Using const generics in slipstream
Some time ago, I was experimenting with SIMD „by
cheating“. The library (called slipstream
)
offers the vector types. These are little fixed sized arrays which correspond to
the registers in the CPU.
Unlike the „real“ libraries (packed_simd
), it doesn’t however force the SIMD
by explicitly using the compiler intrinsics. The vector types are really only
fixed sized arrays with the right methods and with forced alignment properties.
The compiler has enough information to prove it can vectorize the code and
oftentimes does so in a good enough way.
The advantage is there’s much less „magic“ inside the library code and it works on stable. The disadvantage, the auto-vectorizer doesn’t always do the best job and can even make the code somewhat slower than the original.

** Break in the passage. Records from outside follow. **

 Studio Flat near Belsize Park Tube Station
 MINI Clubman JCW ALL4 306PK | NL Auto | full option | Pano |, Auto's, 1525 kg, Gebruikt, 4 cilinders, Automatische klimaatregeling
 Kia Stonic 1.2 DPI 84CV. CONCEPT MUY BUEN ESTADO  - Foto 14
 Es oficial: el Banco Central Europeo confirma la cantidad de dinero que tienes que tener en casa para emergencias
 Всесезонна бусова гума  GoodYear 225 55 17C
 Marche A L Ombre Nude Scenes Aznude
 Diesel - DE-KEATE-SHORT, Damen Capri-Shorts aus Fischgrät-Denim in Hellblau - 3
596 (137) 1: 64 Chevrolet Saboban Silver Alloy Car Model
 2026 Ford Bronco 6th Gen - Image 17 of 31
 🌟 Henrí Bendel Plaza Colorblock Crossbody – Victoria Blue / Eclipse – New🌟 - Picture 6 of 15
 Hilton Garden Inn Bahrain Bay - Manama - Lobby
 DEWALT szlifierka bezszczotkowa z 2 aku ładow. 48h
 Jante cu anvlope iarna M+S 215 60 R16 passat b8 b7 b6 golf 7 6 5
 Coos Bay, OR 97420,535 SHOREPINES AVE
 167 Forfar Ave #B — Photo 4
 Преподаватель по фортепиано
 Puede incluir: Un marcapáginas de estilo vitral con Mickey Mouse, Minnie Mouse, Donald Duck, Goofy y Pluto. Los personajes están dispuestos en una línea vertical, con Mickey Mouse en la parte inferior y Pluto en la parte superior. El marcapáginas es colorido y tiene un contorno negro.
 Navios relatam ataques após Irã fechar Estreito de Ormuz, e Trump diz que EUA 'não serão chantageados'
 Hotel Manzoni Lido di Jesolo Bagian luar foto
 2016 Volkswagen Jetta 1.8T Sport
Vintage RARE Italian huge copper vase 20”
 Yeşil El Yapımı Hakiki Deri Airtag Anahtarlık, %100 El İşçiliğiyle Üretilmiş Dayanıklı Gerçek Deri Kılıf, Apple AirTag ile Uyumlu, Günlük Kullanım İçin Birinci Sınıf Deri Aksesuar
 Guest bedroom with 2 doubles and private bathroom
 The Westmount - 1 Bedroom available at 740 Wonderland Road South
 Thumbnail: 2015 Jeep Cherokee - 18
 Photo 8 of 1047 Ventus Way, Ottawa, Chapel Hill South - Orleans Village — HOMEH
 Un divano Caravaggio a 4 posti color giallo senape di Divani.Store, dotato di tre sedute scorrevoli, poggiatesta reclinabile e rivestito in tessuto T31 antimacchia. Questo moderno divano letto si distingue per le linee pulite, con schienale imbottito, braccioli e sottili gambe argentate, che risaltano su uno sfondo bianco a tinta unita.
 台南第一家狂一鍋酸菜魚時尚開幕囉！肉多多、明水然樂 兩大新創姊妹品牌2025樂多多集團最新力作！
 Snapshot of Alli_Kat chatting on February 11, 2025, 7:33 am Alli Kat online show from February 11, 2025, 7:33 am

The recommended way is to combine the library with something that generates
multiple versions of the functions and picks the right one by runtime CPU
feature selection, like the multiversion
crate.
The challenge
Since the size of the registers depends on the CPU feature level, it is not known in advance. It is possible to use larger ones (and the compiler will just emulate it by using multiple registers and operations). But as there are several register sizes and several basic types, each combination with its own alignment, there’s a large list of combinations that make sense.
The user is presented with convenient type aliases, like f32x4
‒ a vector of 4
32 bit floats. But the library has to somehow offer all these types, even though
they are mostly the same.
The original (0.1) version used the generic-array
library to hold the actual
data and types like these to force the alignment:
#[repr(align(64))]
Vector64<B, S>
where
// Some uninteresting and ugly type bounds
{
data: GenericArray<f32, U4>,
}
And then used transmutes, pointer casts and memory copies to operate these.
While it got the job done, the code could only be described as hairy and ugly.
Also, there was more unsafe
around than felt necessary. It was easy enough to
reason about, but it still didn’t feel right.
Welcome const generics
I guess the whole post is about this. The arrival of const generics arrival made it possible to simplify the code a lot. In combination with these, the alignment is not an attribute directly on that type, but is brought in through another marker type (a zero-sized one). It looks like this.
#[repr(C)] // So the alignment ZST is at the start
Vector<A, B, const S: usize> {
// Forces alignment, but as it is ZST, it does not take any space.
_align: [A; 0],
data: [B; S],
}
The code is much shorter, easier to follow and reason about. Due to that, the new version brought some more features (nothing big) and the types dereference to the fixed sized arrays, not slices, which might be more convenient for some code.
There’s still some unsafe
around, though. It is needed to handle
initialization of the arrays, so it deals with MaybeUninit
. There might be
nicer ways to do it, but the library tries to use as primitive ways as
possible so the auto-vectorizer has an easier way and works more often. This is
one place where using old-style index loops instead of iterators is faster. I
guess this is because the auto-vectorizer is written with C/C++ code in mind (it
lives somewhere in LLVM) and the range checks are trivially removed, since they
are to a fixed-sized constant (passed as the generic parameter).
Should you use the crate?
Well, that varies. It is mostly an experiment from my side. You can try it, it should not outright break anything. But always measure the results.
Sometimes, you can get quite good speedups. Sometimes, you get nothing, mostly because even your original code was already auto-vectorized (that thing is quite powerful). Sometimes, you may get a slow down, because the auto-vectorizer gets confused and it starts „juggling“ the registers (I’m not entirely sure what happens and why, but the resulting code is full of moving values between registers there and back).
Anyway, the API is quite close to what you get with packed_simd
, with the
exception of the vectorize
family of functions. So if you rewrite it with
slipstream
and it is slow, you can try replacing it with that and see if it
helps.
The advantage of slipstream
over packed_simd
is however being able to
compile on stable. You can consider it a best-effort temporary solution before
the explicit packed SIMD support matures.
Big thanks
Nothing of this would be possible without the work of… a lot of people, I guess. It’s not only the Rust work on const generics that took some time and effort. There’s also the magic in LLVM, years of accumulated smartness and research. And most of it is quite invisible. It wouldn’t be possible without the people that use it either.
So, thanks ☺, you’re great, whoever you are.